FlagEmbedding Need help with English datasets

HI , amazing work , highly inspirational. Thanks a lot for make it opensource .

which datasets did you use for pre-training english only model? , it is mentioned that you used the below for pretraining https://github.com/FlagOpen/FlagEmbedding/blob/master/FlagEmbedding/baai_general_embedding/README.md

Pre-training data:

English: Pile, wikipedia, and msmarco

can you let us know did use entire pile + wiki + msmarco for tine turning or a sample of it?
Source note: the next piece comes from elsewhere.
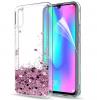 Луксозен твърд гръб 3D Water Case за Huawei P20 - прозрачен / течен гръб със светло розов брокат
Also for fine turning , you mentioned 200 million English text pairs (634GB) https://data.baai.ac.cn/details/BAAI-MTP

sentence-transformers Data wikipedia cc-net stackexchange reddit S2orc

again , can you let us know if you have used the entire corpus of them or just a portion of them.

Thanks

Oct 12 '23 18:10 bharadwajyadati

Hi, thanks for your interest in our work! We use the entire corpus to do pretrain and fine-tune.

Oct 13 '23 07:10 staoxiao

@staoxiao , Is it possible to share the train data that you collected from various sources as a single zip file. I'm trying to reproduce your training process with few tweaks, having the exact dataset will be helpful in making comparisions. Looking forward to your response.

Jan 20 '24 11:01 ashokrajab

Hi, also curious if it'd be possible to release the formatted english training dataset. And do you happen to know how many tokens were pre-trained on in total?

Mar 28 '24 17:03 austinmw